- **Data records**
╭──
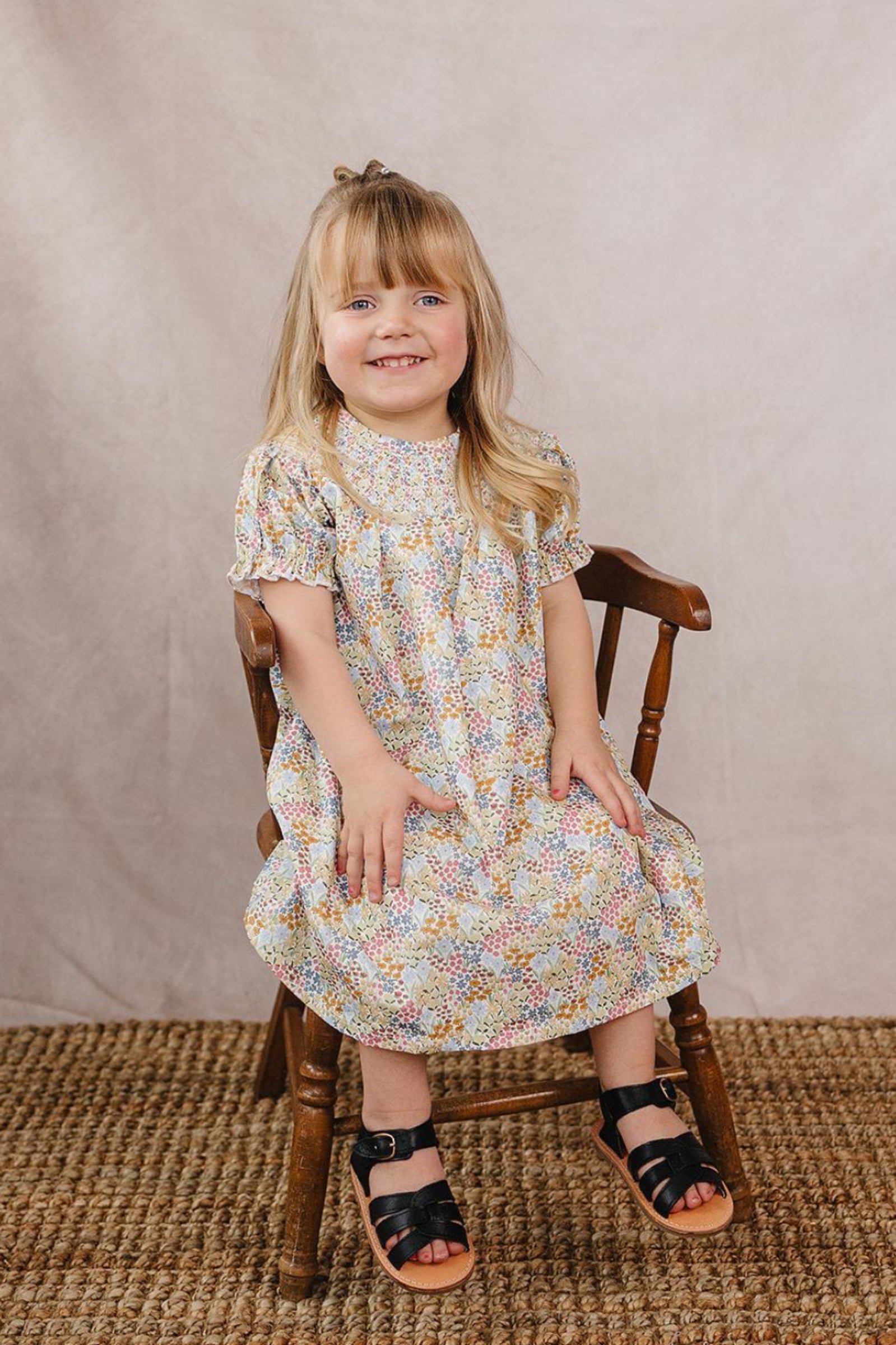 Cotton Summer Meadow Dress, Baby - Kids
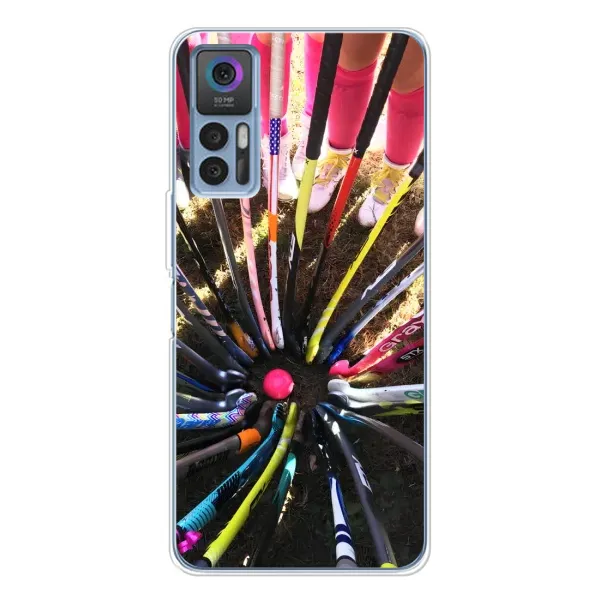 Чехол с рисунком «Флорбол» для TCL 30 Чехол с рисунком «Флорбол» для TCL 30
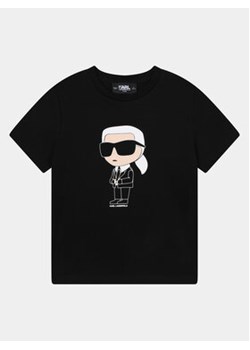 Karl Lagerfeld Kids T-Shirt Z30051 S Czarny Regular Fit ze sklepu MODIVO w kategorii T-shirty chłopięce - zdjęcie 170391244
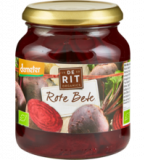 Rote Bete, geschnitten, 340 gr Glas, De Rit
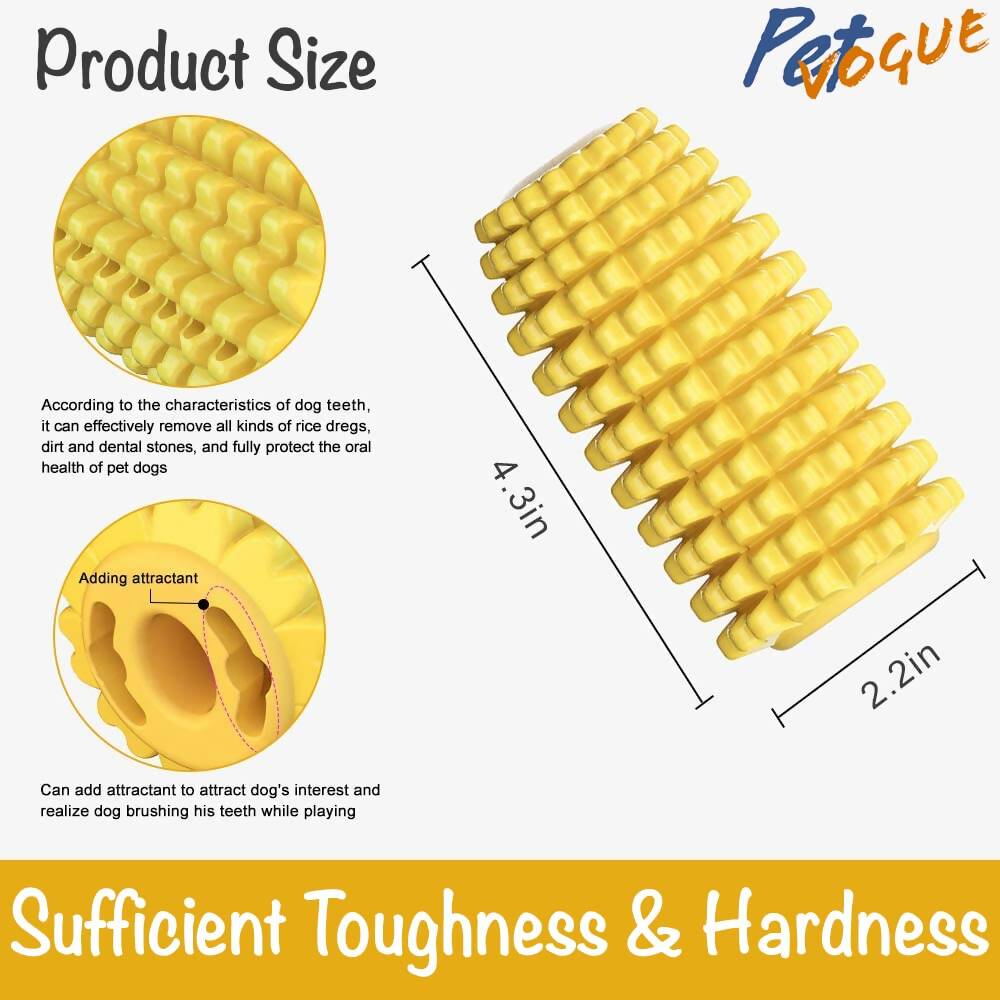 PetVogue Dog Chew Toys for Aggressive Chewer Teeth Cleaning Dog Toothbrush Toys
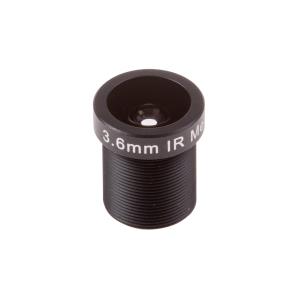 Lens 3.6mm F1.8 With M12 Thread Rem Ir Cut Filter 10 Pcs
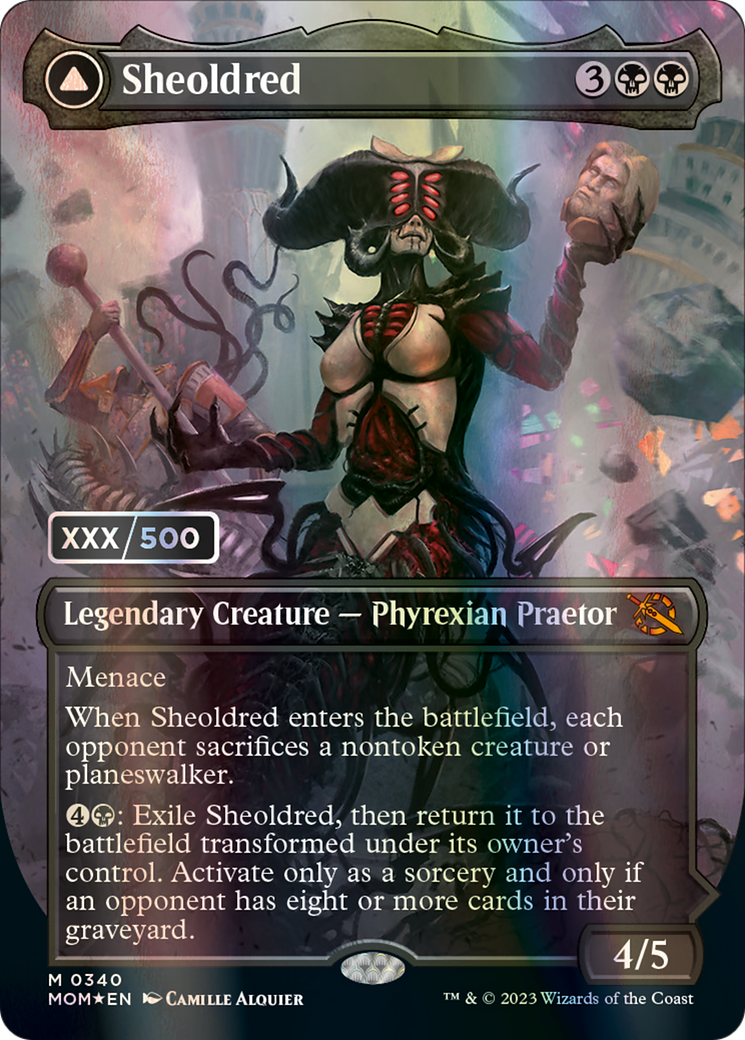 Image of Sheoldred // The True Scriptures (Serialized) [March of the Machine]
╰──
- **Work to complete**
Print the entries above word for word, without pictures.

- **Task solution**
 Cotton Summer Meadow Dress, Baby - Kids
 Чехол с рисунком «Флорбол» для TCL 30 Чехол с рисунком «Флорбол» для TCL 30
 Karl Lagerfeld Kids T-Shirt Z30051 S Czarny Regular Fit ze sklepu MODIVO w kategorii T-shirty chłopięce - zdjęcie 170391244
 Rote Bete, geschnitten, 340 gr Glas, De Rit
 PetVogue Dog Chew Toys for Aggressive Chewer Teeth Cleaning Dog Toothbrush Toys
 Lens 3.6mm F1.8 With M12 Thread Rem Ir Cut Filter 10 Pcs
 Image of Sheoldred // The True Scriptures (Serialized) [March of the Machine]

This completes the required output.